DONNE IN VETRINA TRASCURATE


Le donne in vetrina sono in crisi, a Sankt Pauli il quartiere del peccato sul porto di Amburgo, e nel quartiere a luci rosse di Amsterdam. Naturalmente, e giustamente, non interessa a nessuno, ma è un piccolo segno dei tempi che passano. Per anni, la mia sede in Germania si trovava ad Amburgo, che è, in realtà, una città puritana, e confina il sesso in un ghetto, dove è tutto ammesso.
Si attraversa la strada, e dall’altra parte vi arrestano se osate rivolgere la parola a una passante nordica.
Ed era ed è la capitale della stampa tedesca. Ero l’unico giornalista italiano, afflitto da amici e colleghi che, in estate, giungevano dall’Italia. Colleghi conosciuti e sconosciuti e, non ricordando i nomi, al telefono dicevo di sì a tutti. Li invitavo a cena, ma nella vecchia Germania la cucina dei ristoranti chiudeva alle 21,30. Al dessert giungeva la fatidica domanda: «E adesso che cosa si può fare ad Amburgo?»
«Lo sapete benissimo, ditelo voi», rispondevo al tentativo di farmi passare per maniaco sessuale. Le signore erano più esplicite, e meno ipocrite. Volevano vedere St. Pauli. E le ragazze in vetrina. Solo che la Herbertstrasse era chiusa da due paratie su cui era scritto «Verboten», ai minorenni e alle donne. Ma le italiane se ne infischiavano, tanto gli insulti in tedesco non li capivano.

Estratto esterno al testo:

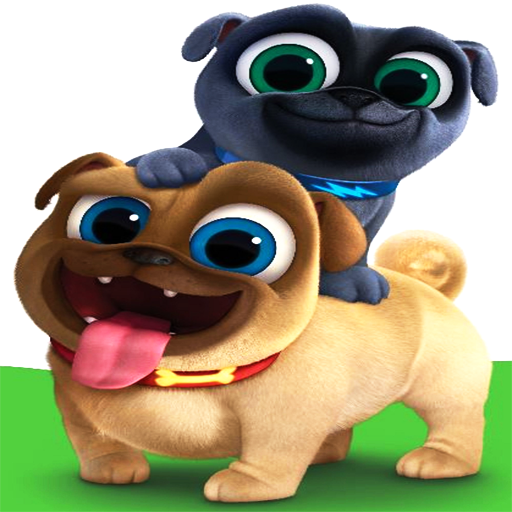 Wallpaper Puppy Dog pals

Le donne in vetrina erano l’élite della professione. Guadagnavano in media mille Deutsche Mark a sera, ed erano protette dal comune, non da un magnaccia. La loro regina era Domenica, dalle proporzioni giunoniche, e dal padre italiano. La invitavano agli appuntamenti ufficiali, appariva a fianco del sindaco, la ritraevano gli artisti, scriveva libri e girava film, e in pensione divenne assistente sociale per consigliare alle ragazze di non imitarla (Domenica è morta da qualche anno). Gli italiani, per finire, pretendevano di ordinare espressi ristretti nei locali di spogliarello, e si lamentavano (con me) perché erano pessimi. Dove mai li avevo condotti?

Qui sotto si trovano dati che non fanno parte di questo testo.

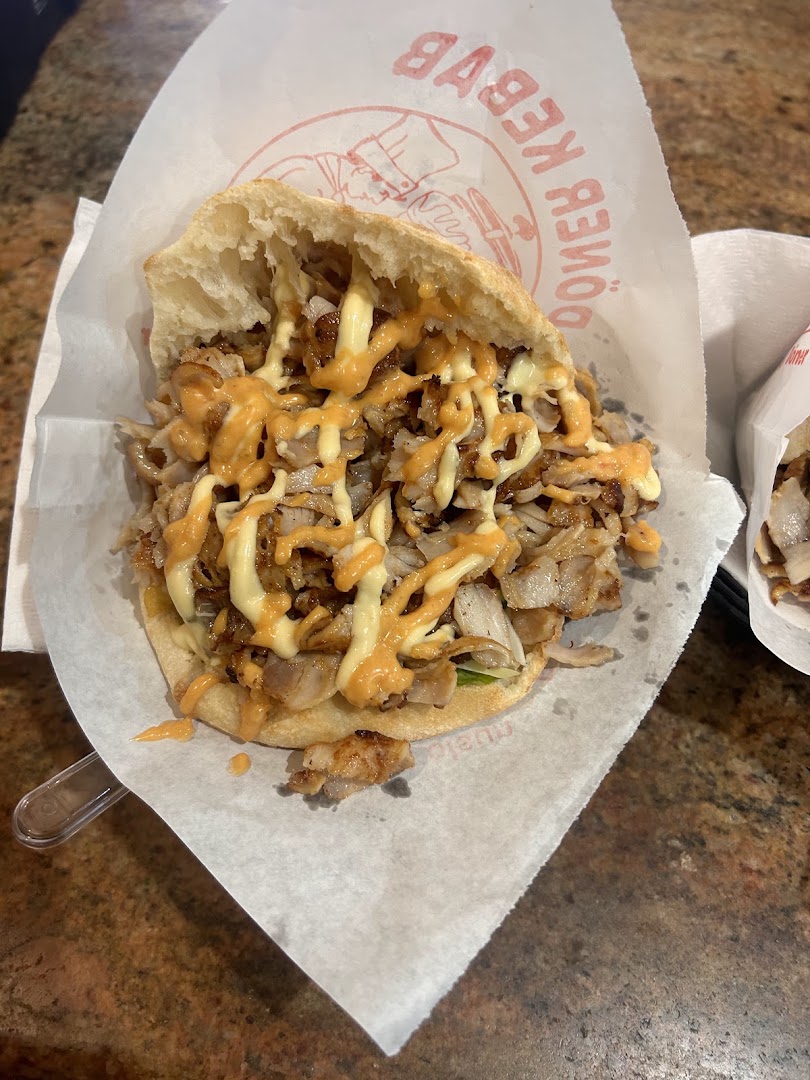 Fornaci pizza kebab e Hamburger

La rivoluzione sessuale, l’Aids, e ora il sesso virtuale sul web, hanno messo in crisi Sankt Pauli e, suppongo, gli altri ghetti peccaminosi d’Europa. I locali chiudono, i prezzi degli alloggi sono decuplicati, il quartiere è abitato da vip anseatici, i Palais d’Amour, che sarebbero i bordelli, qui legali e tollerati, si trasformano in ricoveri per gli immigrati. Le donne in vetrina passano il tempo a farsi fotografare dai turisti, anche se sarebbe vietato, ad Amburgo, come ad Amsterdam.

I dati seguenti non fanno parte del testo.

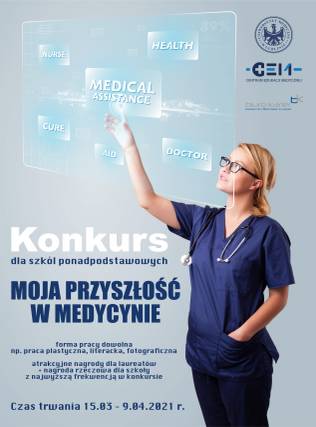 Sukces naszej uczennicy w konkursie "Moja przyszłość w medycynie"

Gli olandesi, che sono pratici, hanno pensato alle professioniste in crisi. Ad Amsterdam hanno creato un «Prostitution Information Center», dove i turisti possono pagare un’ex donna in vetrina, ma solo per farsi raccontare gli aspetti del mestiere, quali sono i trucchi per stare ore immobili e sopportare i passanti guardoni. Si offre anche la possibilità di provare di persona: «Hai sempre voluto sapere che cosa si prova a sedere in una vetrina nel quartiere a luci rosse?» chiede la pubblicità di un workshop. La domanda non è rivolta solo alle signore, possono provare anche i loro accompagnatori, o i viaggiatori solitari. Il costo è di 65 euro per «un’esperienza unica, che dura circa un’ora». Non è obbligatorio spogliarsi, e naturalmente i rari clienti non sono previsti. Nel prezzo è compreso una foto ricordo e una consumazione. Ma non chiedete un caffè espresso ristretto. La pazienza delle colleghe di Frau Domenica non è illimitata.